The whole notion about always working together, always making decisions together, and treating each situation with equitability is real nice and all, but in reality there are plenty of times when someone has to step up to call the shots. Both Shal and Steph tend towards considering other people’s feelings first when faced with a choice. (Something we’re both working on!) Maybe this sounds familiar in your discussions…”I don’t care, what do YOU want to do?” If we entered into discussion mode every time we faced a decision we’d get nowhere fast. Heck, we’d still be packing up in bikes in Seattle.
Very soon into our trip our natural interests and skills appeared and guided us towards our rightful roles.

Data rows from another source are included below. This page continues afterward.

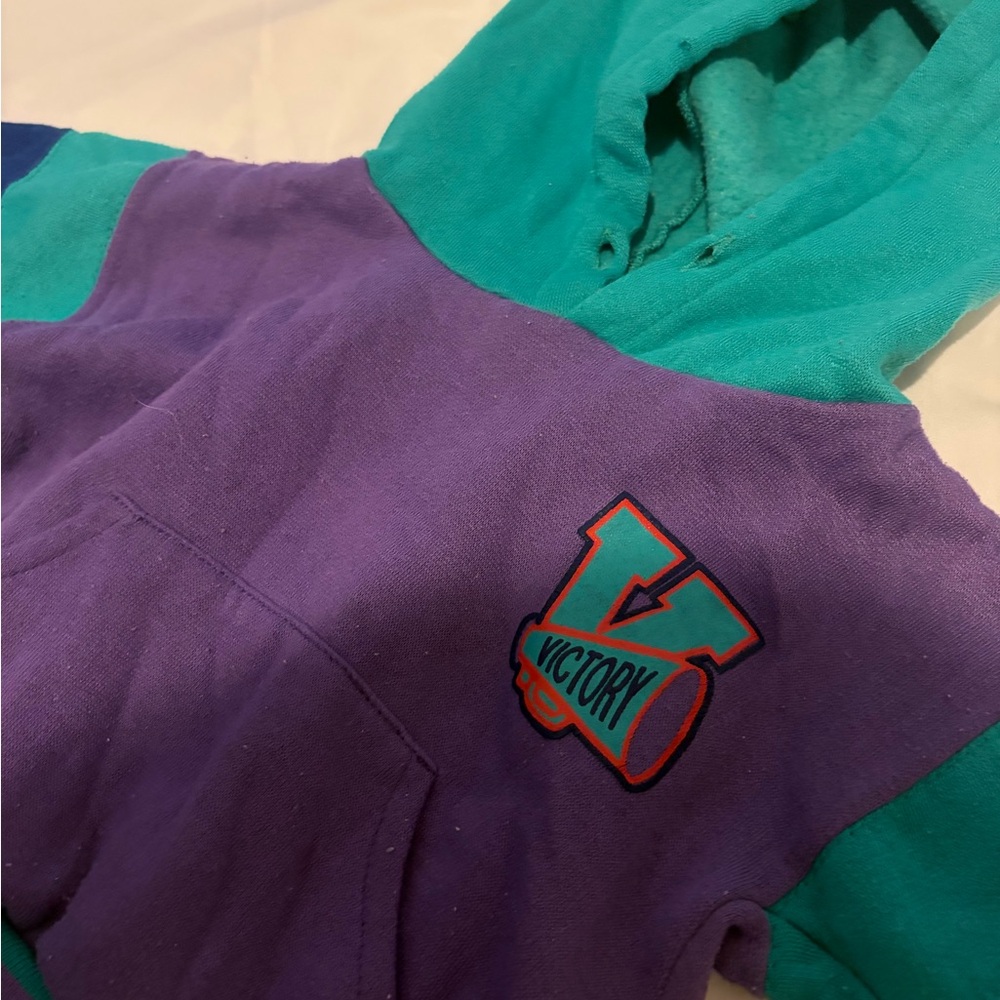 Vintage baby Hoodie - Teal and Purple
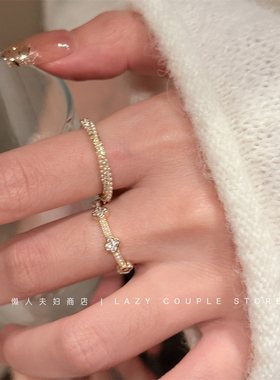 极简锆石珍珠可调叠戴气质食指戒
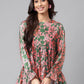 Janasya Women's Pink Satin Digital Floral Printed Casual Flared Top | Swadesiicart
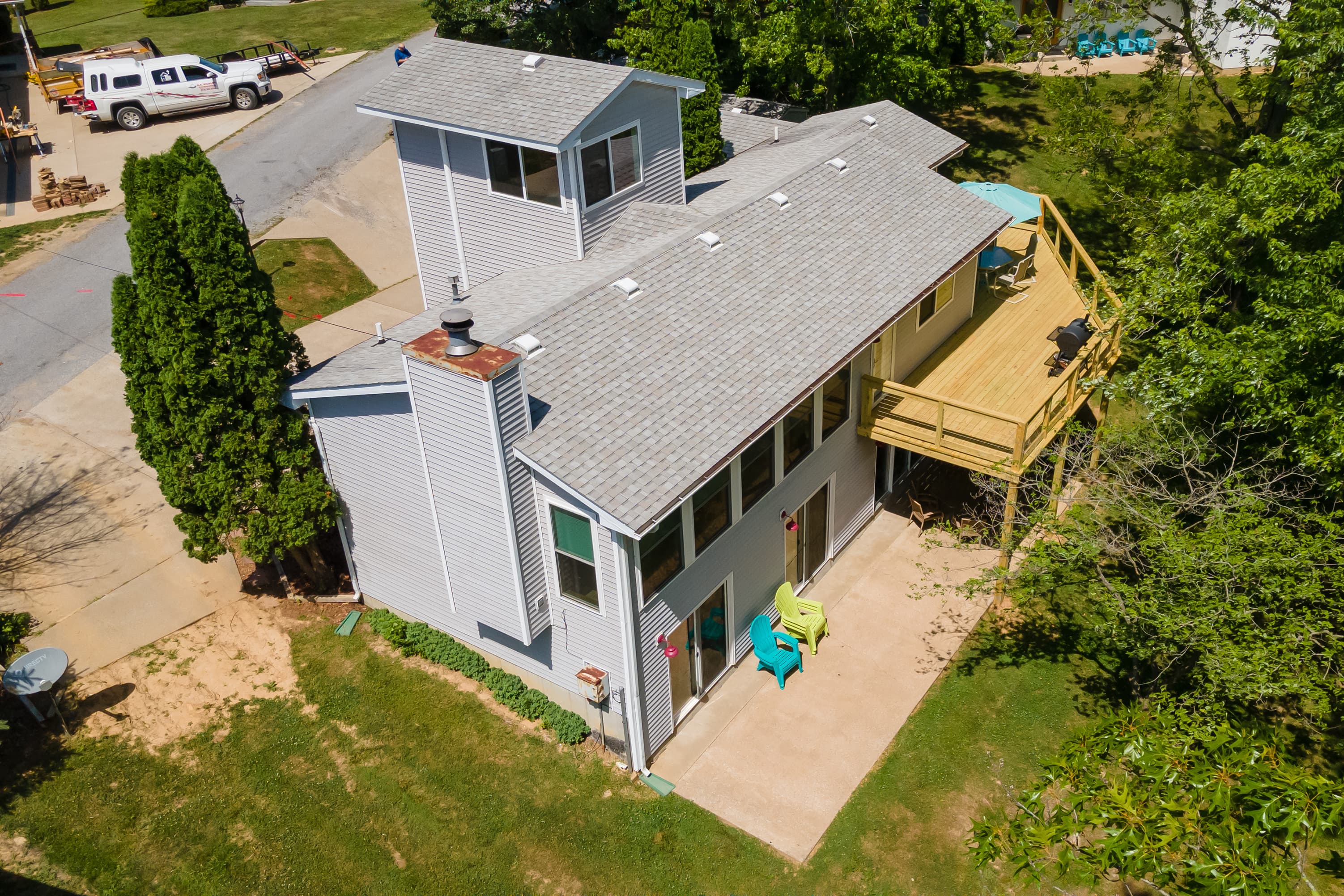 Aerial view of house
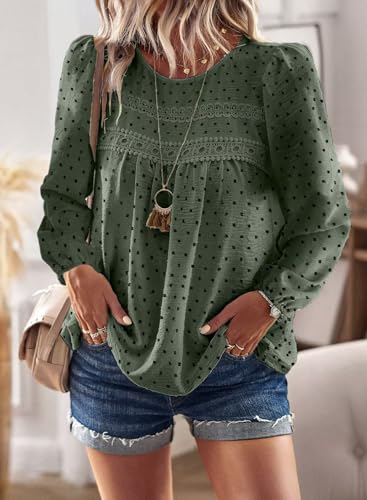 Image of Falechay Womens Tops Flowy Boho Dressy Casual Lace Cute Long Sleeve Shirts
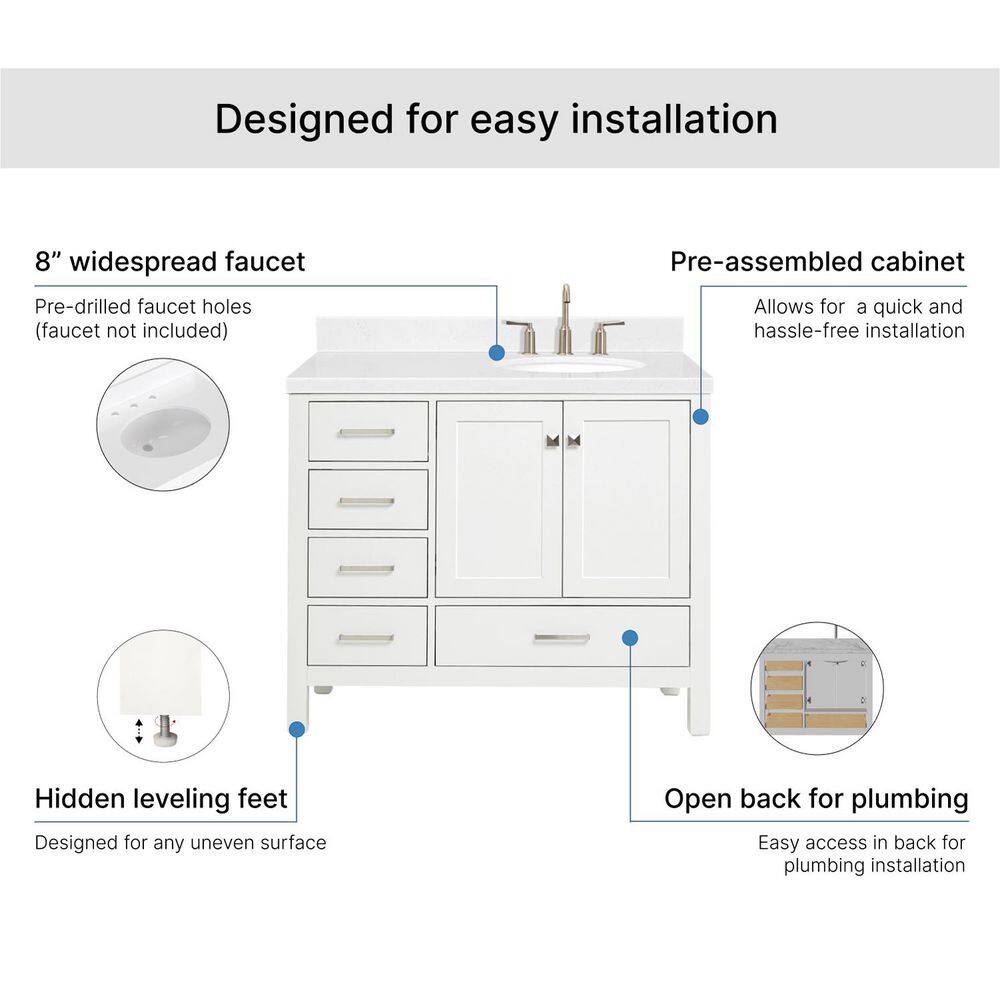 Cambridge 42" White Hardwood Freestanding Single Vanity Set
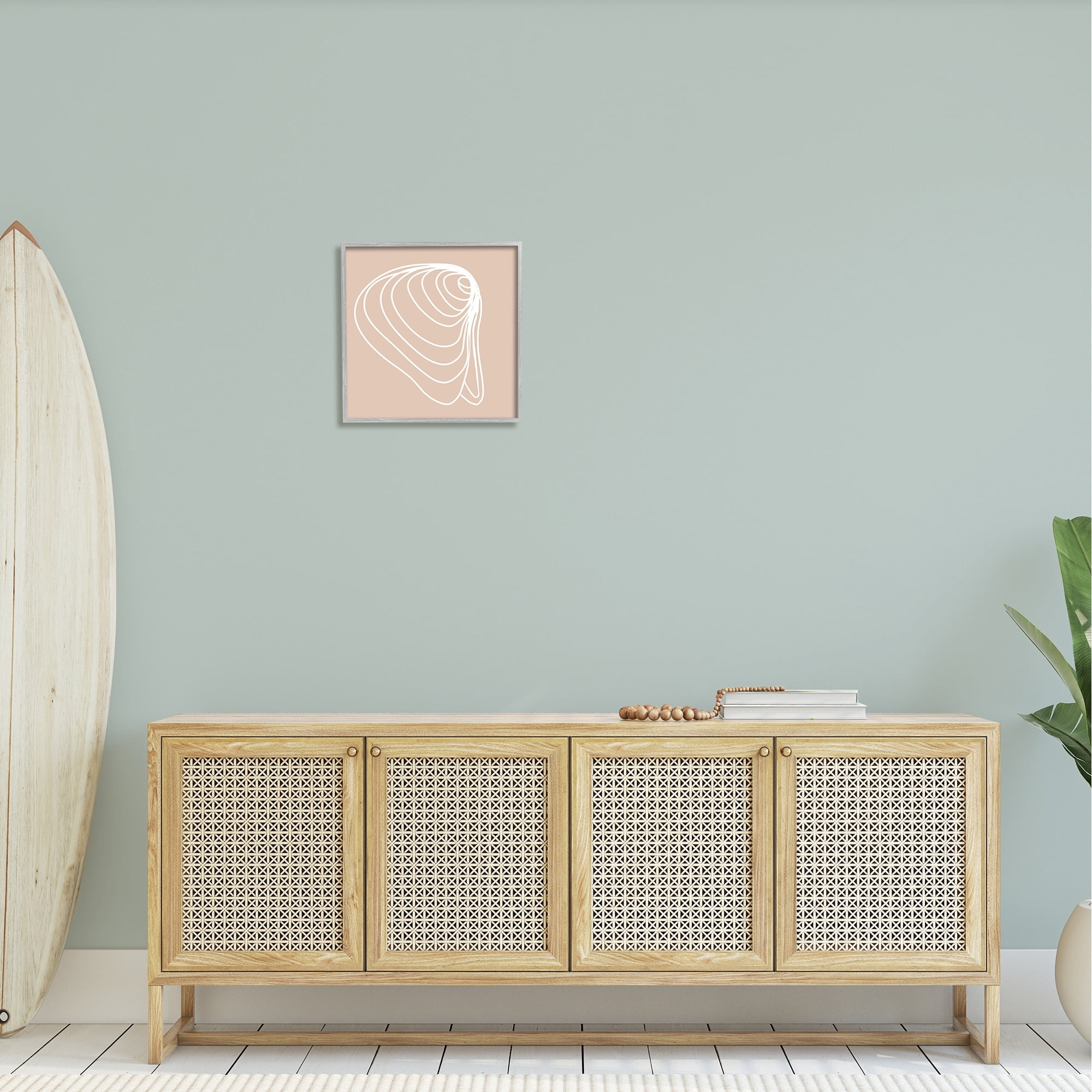 Stupell Industries Clam Shell Seashell Stripes Casual Line Doodle Graphic Art Gray Framed Art Print Wall Art, Design by Daphne Polselli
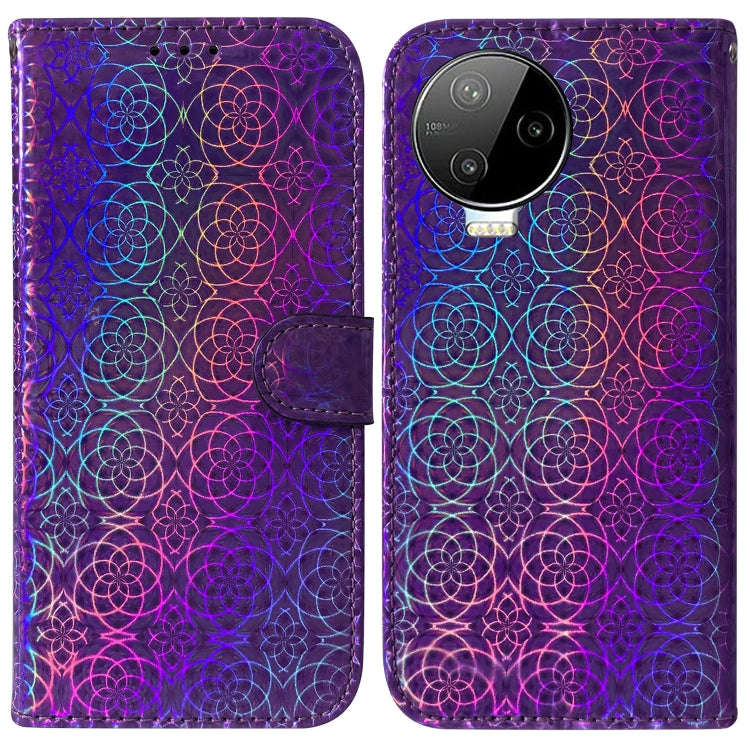 For Infinix Note 12 Pro 4G Colorful Magnetic Buckle Leather Phone Case(Purple)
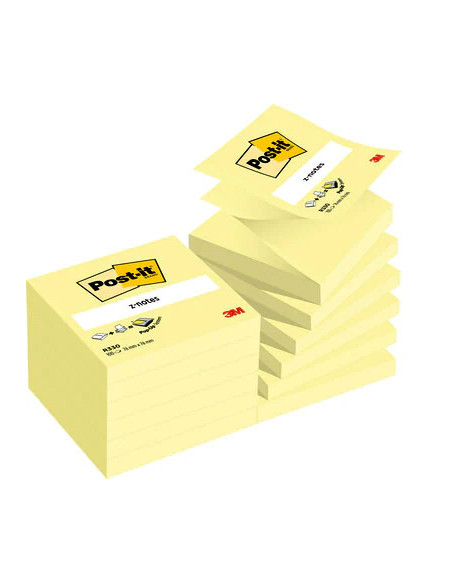 PACK 12 BLOCS 100 HOJAS Z-NOTES ADHESIVAS 76X76MM CANARY YELLOW CAJA CARTÓN R-330-CY POST-IT 7100290167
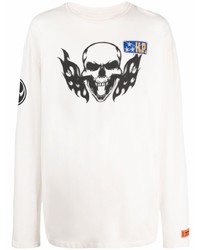 T-shirt à manche longue imprimé blanc et noir Heron Preston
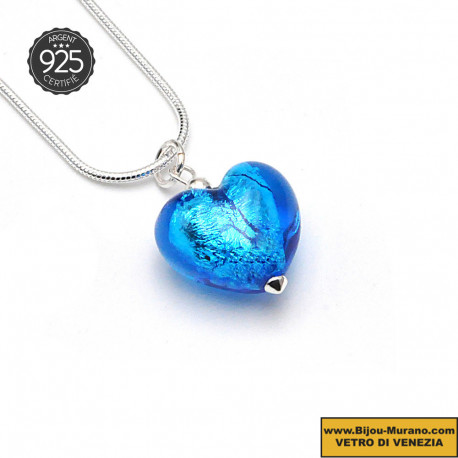 Pendentif coeur bleu ciel micro en verre de murano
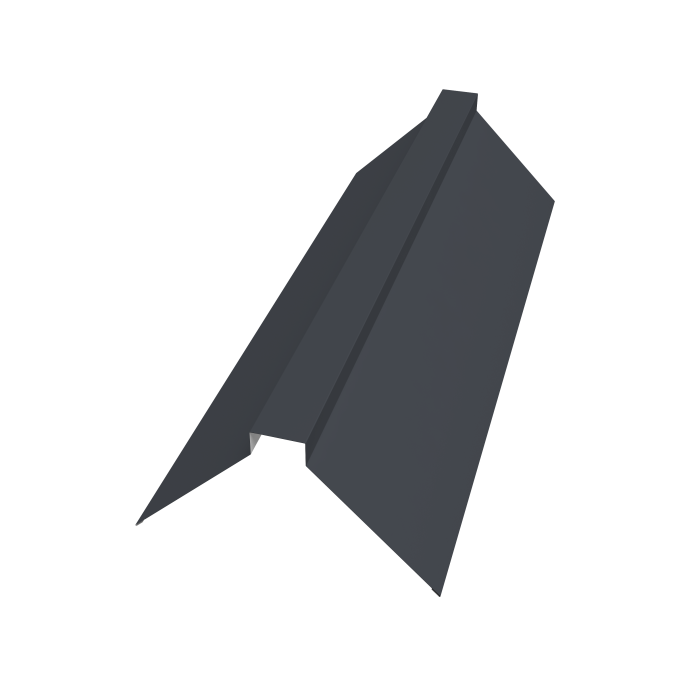 Планка конька плоского 115х30х115 0,5 Satin с пленкой RAL 7024 мокрый асфальт (2м)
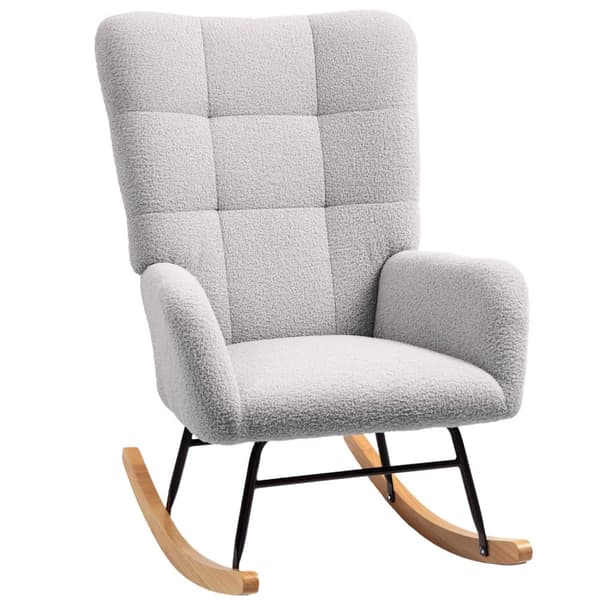 Rootz Rocking Chair - Mysig täckning - Tjock stoppning - icke -halkstabilitet - Teddy tyg - 70 cm x 94 cm x 100 cm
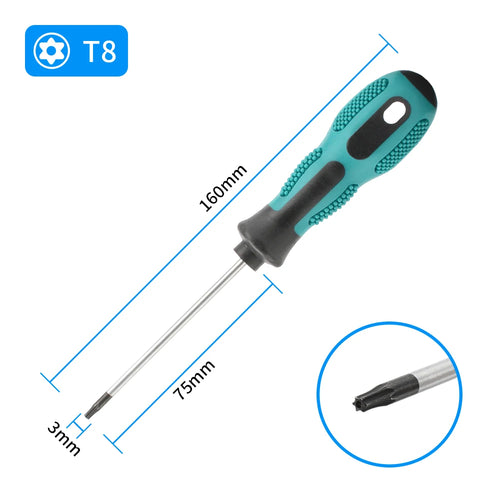 1 pçs chave de fenda torx magnética precisão t5 t6 t7 t8 t9 t10 t15 t20 t25 t27 t30 torx controlador — foto 2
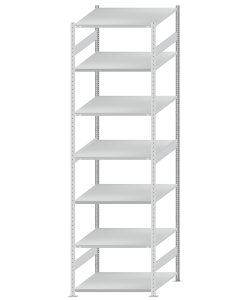 Fachbodenregal Stecksystem, Grundregal, beidseitig nutzbar, H3500xB1000xT1000, 7 Fachböden, Fachlast 250kg, RAL 7035 lichtgrau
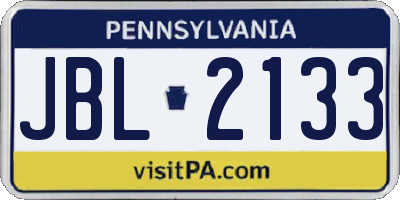 PA license plate JBL2133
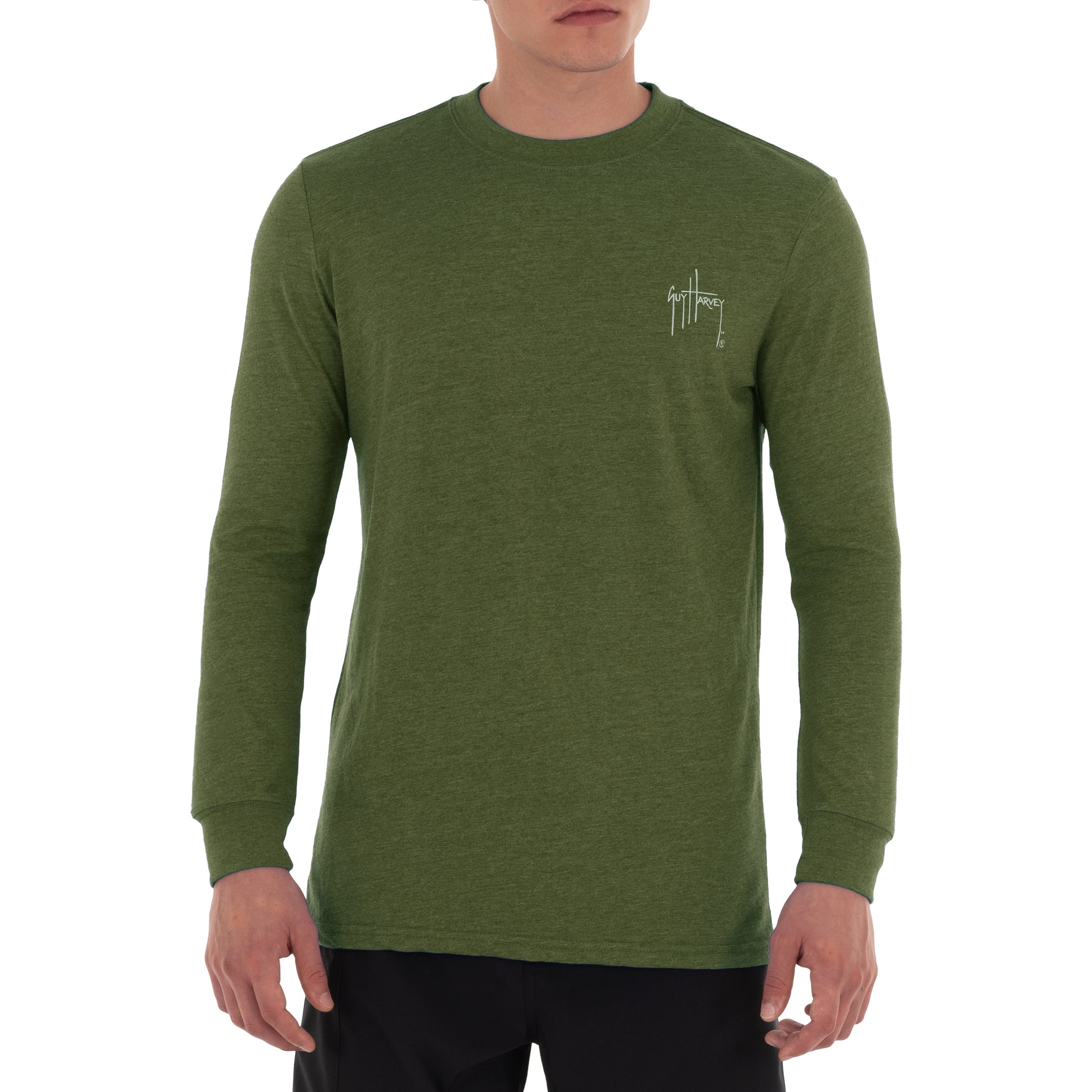 Men's Barrel Logo Long Sleeve Green T Shirt View 2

Now we can pretty much stay out of each other’s way and let the other lead in her domain of expertise. Pretty much but not always. And it’s just WAY easier that way.
Before we even got out of Seattle traffic as we set off last June we determined without even having to say it out loud that Steph would be the lead navigator. Shal’s mechanical mind and experience put her in position to be the lead mechanic. Steph does the cooking while Shal puts up the tent. And on and on.
One area that we’re equally matched is in our sociability. While traveling on our bikes we get approached by people A LOT. Its kind of like being famous – well, not that bad – people love to approach us to ask what we’re doing, where we’re going, and if we carry a gun. We enjoy meeting people and getting local advice, and admittedly feeling special. And, sometimes we both get really tired and annoyed with it – especially when we’re hungry or its raining. Somehow it works out that when one of us isn’t in the mood the other is…so as a unit we can hope to not come across as standoffish. Well there was that one time in upper Michigan when an older gentleman was walking towards us with that familiar inquisitive look and we’re both like “Don’t make eye contact, don’t make eye contact” quickly put our helmets on and sped off. 90% of the time, at least one of us will smile and engage.